Friday, May 21, 2010

A Moth: Darby, Part II


April, 2010

I found Darby's script in our Shakespeare Club cupboard. I turned the pages and studied her scribbles and drawings. She'd sketched a Lady Macbeth and a Queen Elizabeth. I sighed. What to do, what to do?

OPERATION DARBY, Step One



I remember as a child the thrill of seeing a turquoise or red star stuck on a page of my schoolwork. I don't know the history of the sticker thing but it really hasn't lost its luster or ability to inspire, and it's so easy. I opened my book of stickers and next to every one of Darby's speeches I pressed on a cat or a "You did it!" or a "Way to go!" sticker. At the very least, she might want to turn a page, find a sticker and stay current with her cues.


During a lunch break I called her over to our meeting place at the blue metal picnic table. I took a moment and could see she was readying herself for another "talk" or reprimand. What else would she expect?

OPERATION DARBY, Step Two


"So, here's the deal, my sweet. I'm not going to let you get that third x. I'm not going to give you a chance to leave Shakespeare Club. I'm not going to let you quit. Because if you quit now, you will become a quitter and you do not want to be a quitter in middle school or high school or college.
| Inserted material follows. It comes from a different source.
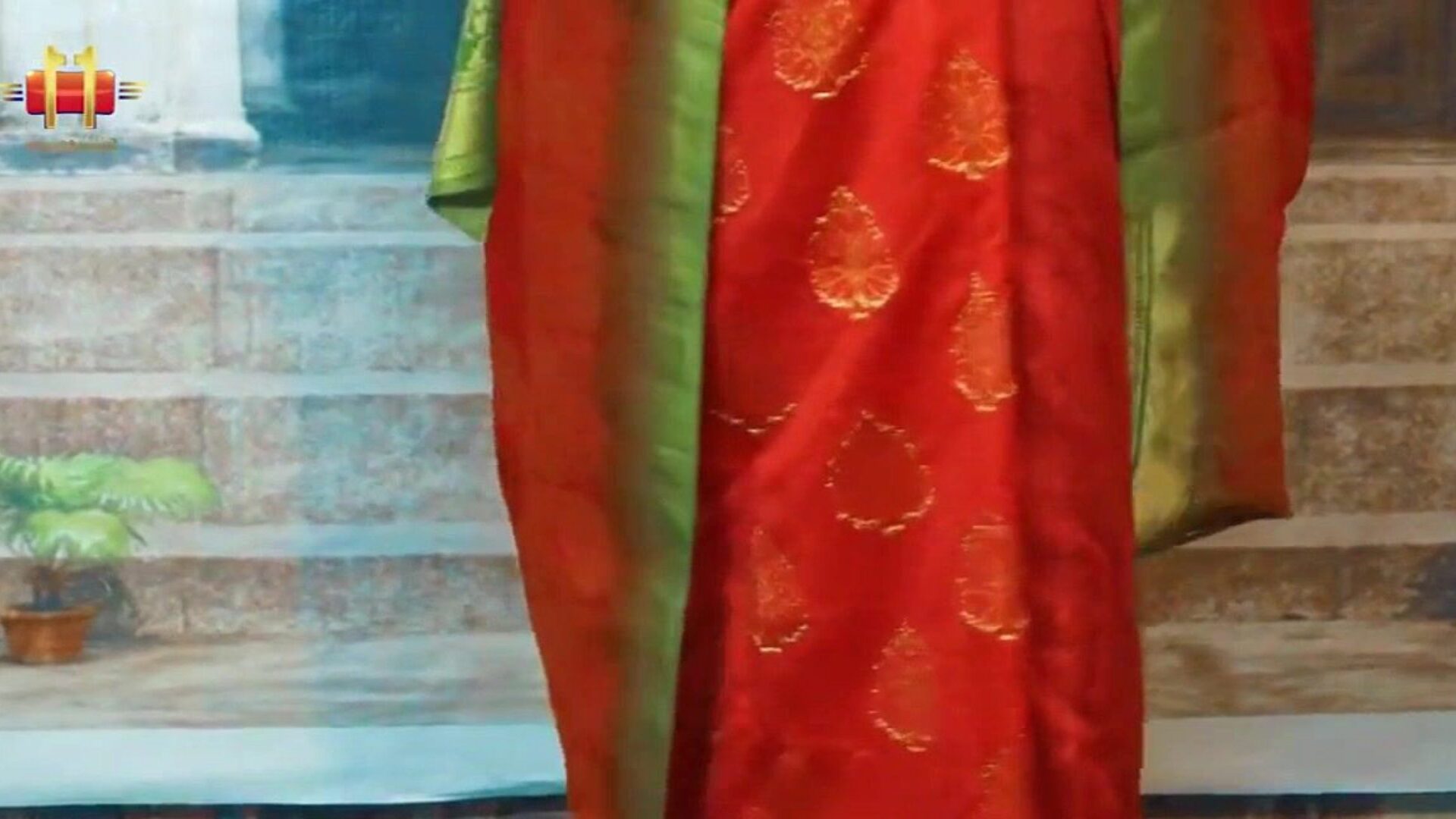 Indiase tante mond opent saree en blouse mallu rijpe tante melkbussen navel buik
You and I are going to make this work and you are going to help the club have 'an awesome show'."

Darby met my eyes and nodded.

"I know how important writing is to you. I know you want to be a writer and that's a great ambition. Because we're getting near our production date and have been busy doing run-throughs, we haven't had time for journal writing and I'm sure you miss that. If you can stay with the play and pick up your cues, we should have enough time on Wednesday to get our writing in. And here, I have a gift for you."
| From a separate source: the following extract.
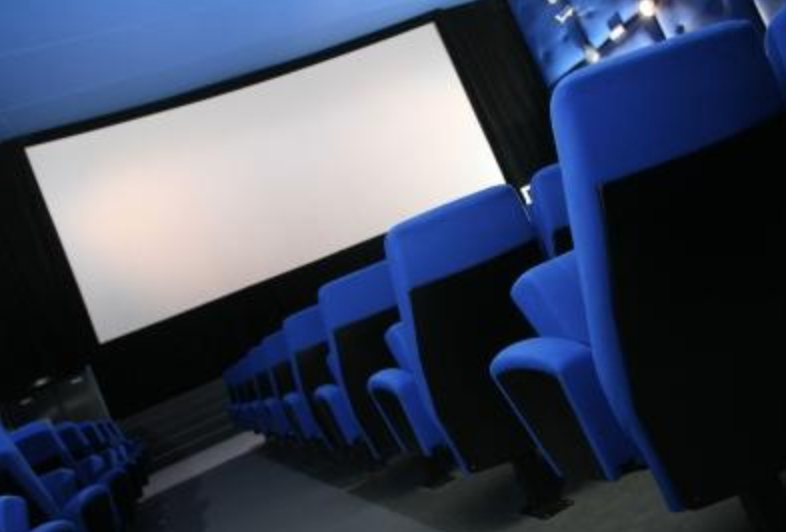 sièges d'une salle de cinéma 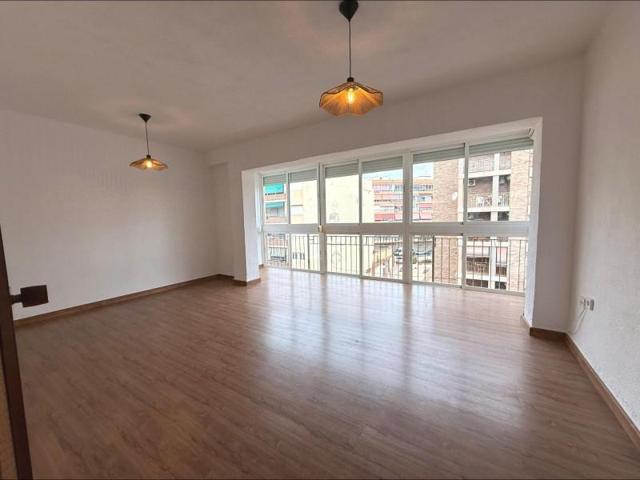 Piso en alquiler en Alicante, Alipark photo 0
In her hands I placed a "writing muse." A paper cut-out of a lady in a pretty dress with jewels dangling from her hem.

"You can hang this anywhere. A muse is an inspiration for a writer and now you have your own."

"Ms. Ryane, I love it."

"I'm glad."

"And you know what? Things got better at home."

"Really? That's fantastic. How do you account for the change? What do you think happened?"

"I don't know, but they just got better."

"Well, let's thank the universe for that."

Darby threw her arms skyward.

"Thanks, universe!"

Amen.

A Moth: Darby, Part I
She Flutters: Darby, Part III


CHILDREN'S WRITES: A Journal Entry
If I were a Elizabethan Man, I would wear some beeches, a Hat, And A vest. I would comb my mustash comb my hair. I would use the bathroom and throw it outside. And I would be ritch. I would marry Queen Elezabeth.